Moab and Ammon

They were brothers and brother kingdoms, born in disgrace. They would endure in hostile environments for many years. They would go as it had been prophesied; yet one brother persevered in his own way, and his legacy endures to this day.

Moab and Ammon represented small kingdoms in the Transjordan region of the Levant. Their fortunes waxed and waned; in general, the Kingdom of Moab was centered on the eastern side of the Dead Sea, bordered by Edom on its south, the Amorites and then the Transjordan parts of Israel and Ammon on its north, and some Aramaean and Nabataean tribes on its east.

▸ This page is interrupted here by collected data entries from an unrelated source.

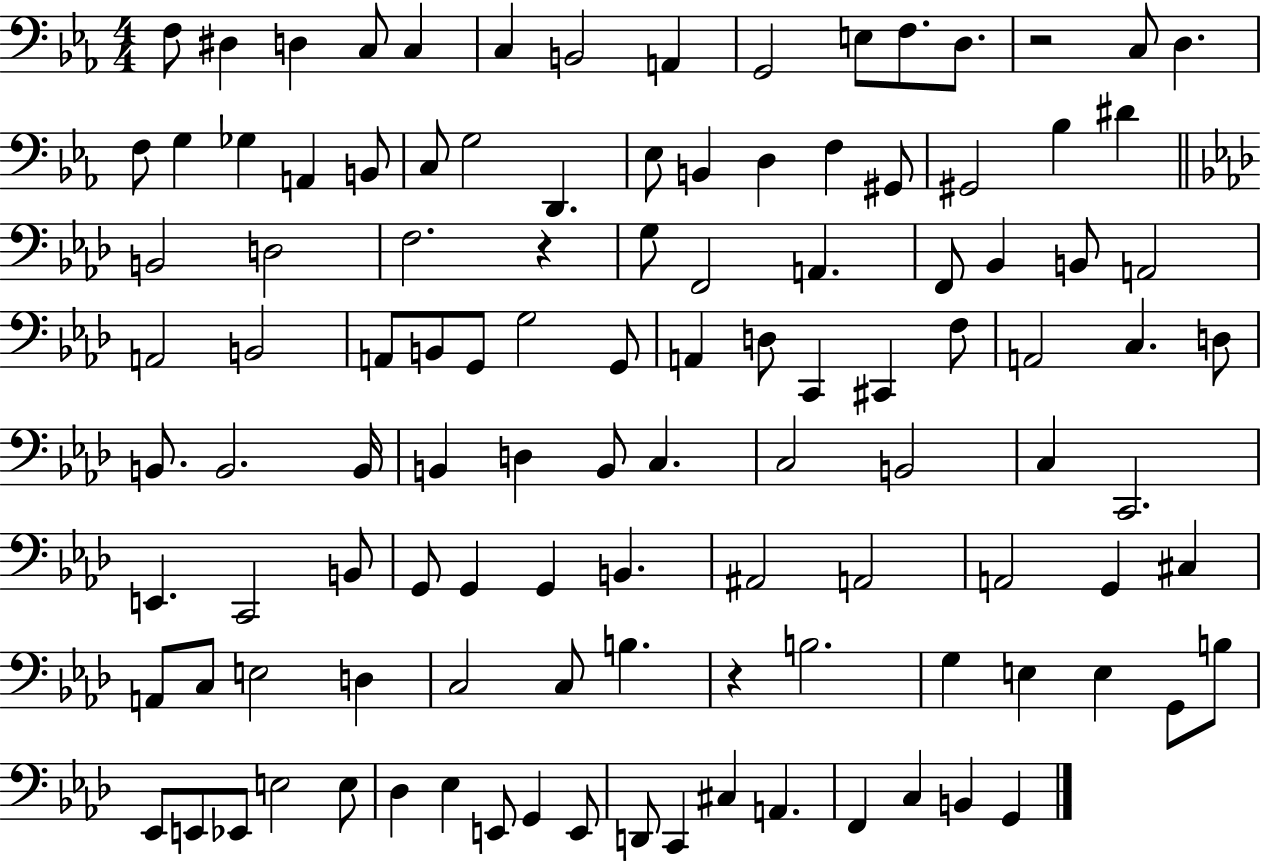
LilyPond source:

{
  \clef bass
  \numericTimeSignature
  \time 4/4
  \key ees \major
  f8 dis4 d4 c8 c4 | c4 b,2 a,4 | g,2 e8 f8. d8. | r2 c8 d4. | \break f8 g4 ges4 a,4 b,8 | c8 g2 d,4. | ees8 b,4 d4 f4 gis,8 | gis,2 bes4 dis'4 | \break \bar "||" \break \key f \minor b,2 d2 | f2. r4 | g8 f,2 a,4. | f,8 bes,4 b,8 a,2 | \break a,2 b,2 | a,8 b,8 g,8 g2 g,8 | a,4 d8 c,4 cis,4 f8 | a,2 c4. d8 | \break b,8. b,2. b,16 | b,4 d4 b,8 c4. | c2 b,2 | c4 c,2. | \break e,4. c,2 b,8 | g,8 g,4 g,4 b,4. | ais,2 a,2 | a,2 g,4 cis4 | \break a,8 c8 e2 d4 | c2 c8 b4. | r4 b2. | g4 e4 e4 g,8 b8 | \break ees,8 e,8 ees,8 e2 e8 | des4 ees4 e,8 g,4 e,8 | d,8 c,4 cis4 a,4. | f,4 c4 b,4 g,4 | \break \bar "|."
}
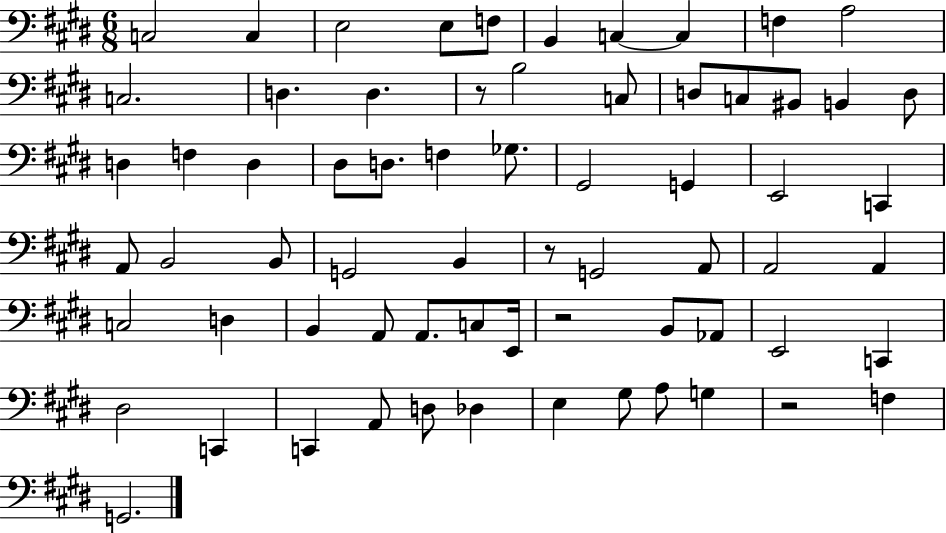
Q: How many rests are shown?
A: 4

Its capital was Dibon and the Hebrew Bible testifies to the existence of many cities of Moab; Moab was particularly mountainous and its plains were a plateau rising high above the Jordan River. The Kingdom of Ammon (literally “sons of Ammon” throughout the Hebrew Bible) lay to the north and east of Moab, bordered by the Amorites and then the Transjordan parts of Israel on its west and southwest, the Kingdom of Aram on its north, and Aramean tribes on its east. Its capital was Rabbah, which is modern day Amman, Jordan, capital of Jordan and named based upon its Ammonite heritage; its land was part of the same type of plateau as found in Moab. The regions east of Moab and Ammon were particularly inhospitable; nevertheless, the plains of Moab and Ammon provided sufficient sustenance for flocks, herds, and humans, and the presence of the King’s Highway through their lands provided sources of revenue, access to trade, but also the interest of larger empires.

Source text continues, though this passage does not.